Image: Photo by Nathan Dumlao on Unsplash
Did Google’s News Ranking Algorithm Change?
A Google Patent about how Google ranks news articles was updated this week, and in this case, it suggests how entities in those documents can impact ranking.
How Has the News Ranking Algorithm worked at Google?
This News Ranking Algorithm Patent was first filed in 2003.
The beta version of Google News was first launched by Google in 2002. This was one of the early patents that described how Google ranked news articles.
One of the inventors of the original patent was Krishna A. Bharat, known as a founder of Google News.
The newest Google News Ranking Algorithm (a continuation patent) was granted and is the Sixth Version of the patent. It can be found at:
Systems and methods for improving the ranking of news articles
Inventors: Michael Curtiss, Krishna A. Bharat, and Michael Schmitt
Assignee: Google LLC
US Patent: 10,459,926
Granted: October 29, 2019
Filed: April 27, 2015
This version of the patent tells us about previous versions of the news ranking algorithm. It showed when they were filed and what the patent numbers of the earlier 5 versions were:
This application is a
(1) continuation of U.S. patent application Ser. No. 14/140,108, filed on Dec. 24, 2013, which is a
(2) continuation of U.S. patent Ser. No. 13/616,659, filed on Sep. 14, 2012 (now U.S. Pat. No. 8,645,368), which is a
(3) continuation of U.S. patent application Ser. No. 13/404,827, filed Feb. 24, 2012, (now U.S. Pat. No. 8,332,382), which is a
(4) continuation of U.S. patent application Ser. No. 12/501,256, filed on Jul. 10, 2009, (now U.S. Pat. No. 8,126,876), which is a
(5) continuation of U.S. patent application Ser. No. 10/662,931, filed Sep. 16, 2003, (now U.S. Pat. No. 7,577,655),
the disclosures of which are hereby incorporated by reference herein.
What is a Continuation Patent?
Continuation Patents use the date of the original patent filing they continue (or the ones those patents continue). They show how the process described by the patents has changed. The processes are shown in the claims sections of the patents. Those are the parts of the patents which the prosecuting patent officer reviews when deciding to grant the new patents.
Looking at the first claim of each patent can often help identify important aspects that have changed from one version to another. It is rare (in my experience) to see a patent that has been updated 6 times as this one has. Google’s Universal Search Interface patent was also recently updated a fourth time – Google’s New Universal Search Results.
What Caused A Recent News Ranking Change at the New York Times?
A post on Twitter this week suggested that The New York Times may have been negatively impacted by a new Algorithm called Bert that was just released at Google, which was announced in Understanding searches better than ever before.

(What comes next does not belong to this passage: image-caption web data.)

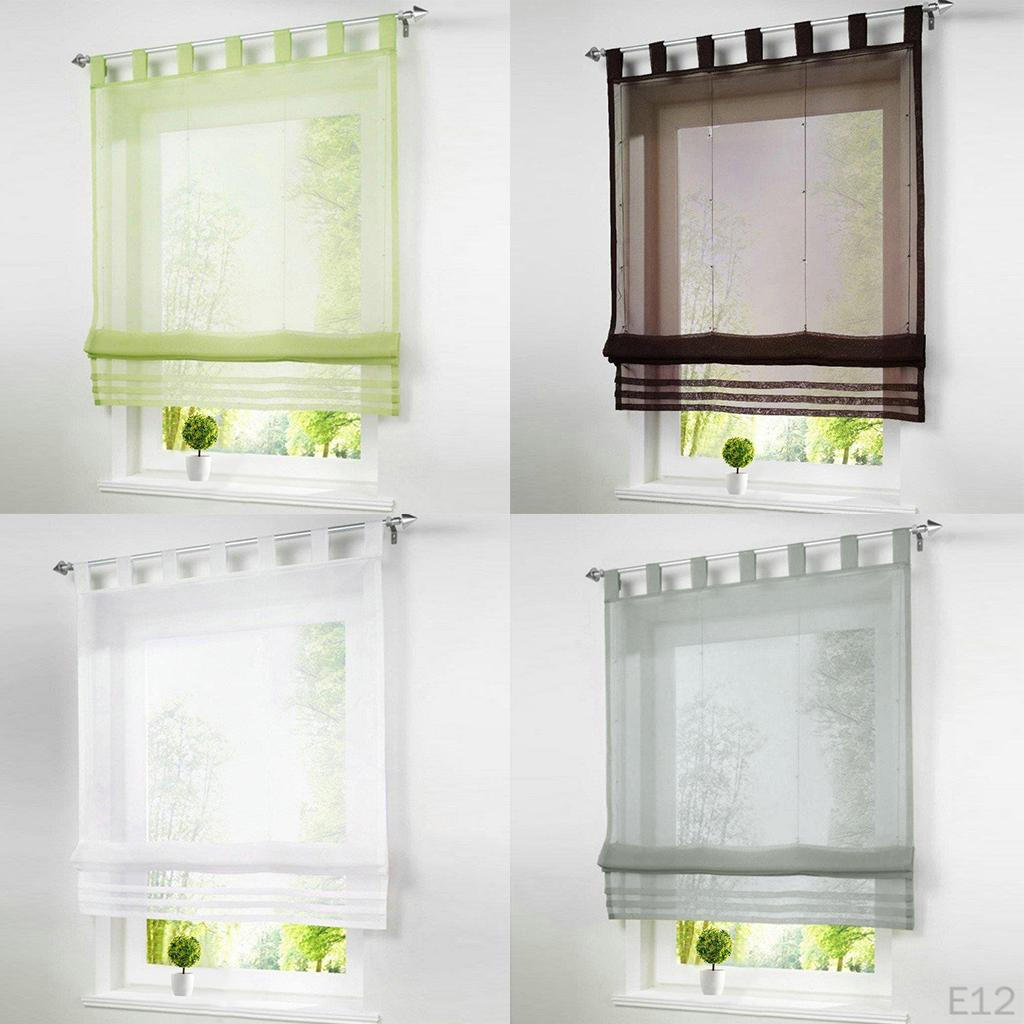 Farbe Halbvorhang für Küche/Schlafzimmer/Wohnzimmer Fensterdekoration Römisches Aufhängeschlaufen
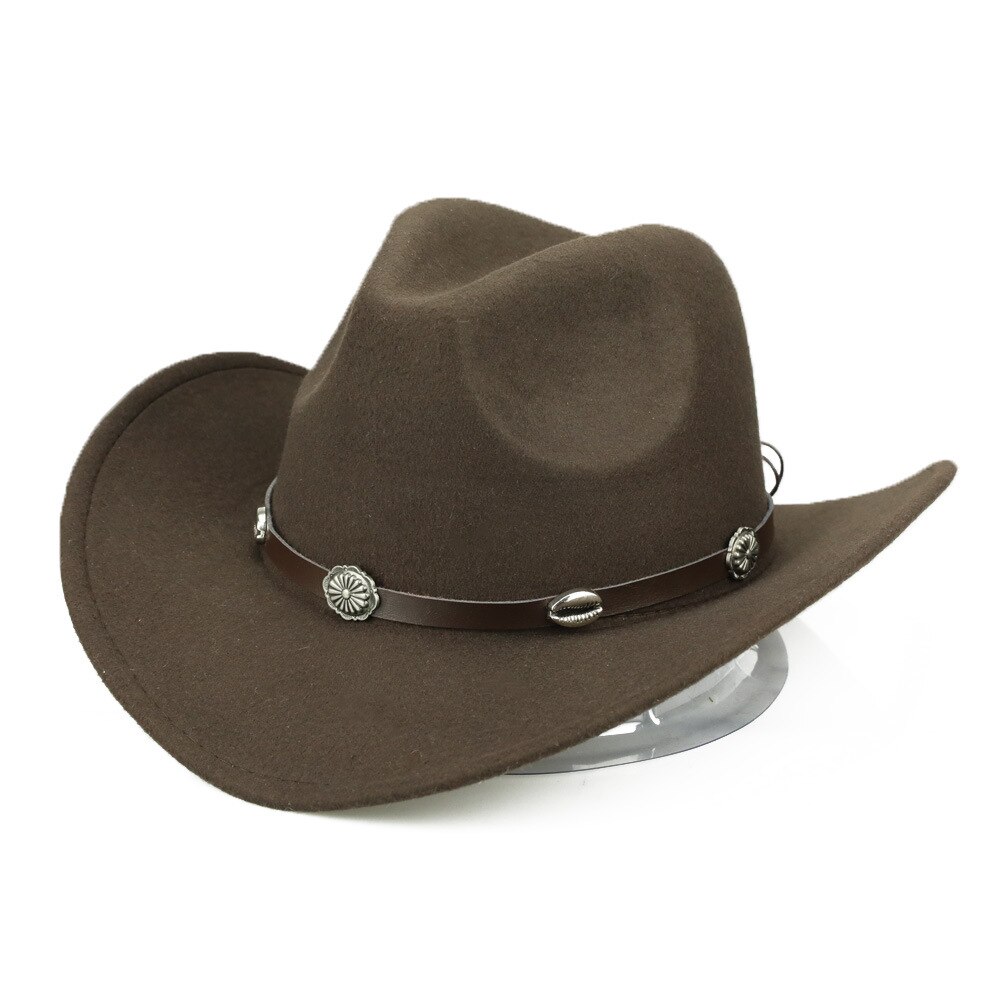 Uldfilt kvinder mænd vestlig cowboyhue med brede rand punk læder bælte jazz cap størrelse 57-58cm b88: 1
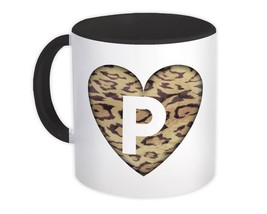 Monogram Letter P : Gift Mug Cheetah Heart Initial ABC Animal Print - £12.49 GBP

Feels huge to us at NYT. But it coincided with the move to mobile-1st indexing — so we're not sure what's causing changes
— Hannah Poferl (@HannahPoferl) October 30, 2019
That Tweet tells us that BERT may have impacted, or a move to Mobile-First Indexing may have caused a loss of rankings at the Newspaper’s site. But seeing that tweet and seeing a new version of this patent made me curious to see what it contained and the changes it may have brought about.
The Changing Claims from the News Ranking Algorithm
Other changes at Google could also have an impact on rankings at news sites. One way to tell how Google changed it is how ranks articles look at how the patent covering the ranking of news articles has changed over time.
Compare How the first 4 claims from this patent have changed over time.
The latest first claim in this patent introduces some new things to look at
What is claimed is:
1. A method for ranking results, comprising: receiving a list of objects; identifying a first object in the list and a first source with which the first object is associated; identifying a second object in the list and a second source with which the second object is associated; determining a quantity of named entities that (i) occur in the first object that is associated with the first source, and (ii) do not occur in objects that are identified as sharing a same cluster with the first object but that are associated with one or more sources other than the first source; computing, based at least on the quantity of named entities that (i) occur in the first object that is associated with the first source, and (ii) do not occur in objects that are identified as sharing a same cluster with the first object but that are associated with one or more sources other than the first source, a first quality value of the first source using a first metric, wherein a named entity corresponds to a person, place, or organization; computing a second quality value of the second source using a second metric that is different from the first metric; and ranking the list of objects based on the first quality value and the second quality value.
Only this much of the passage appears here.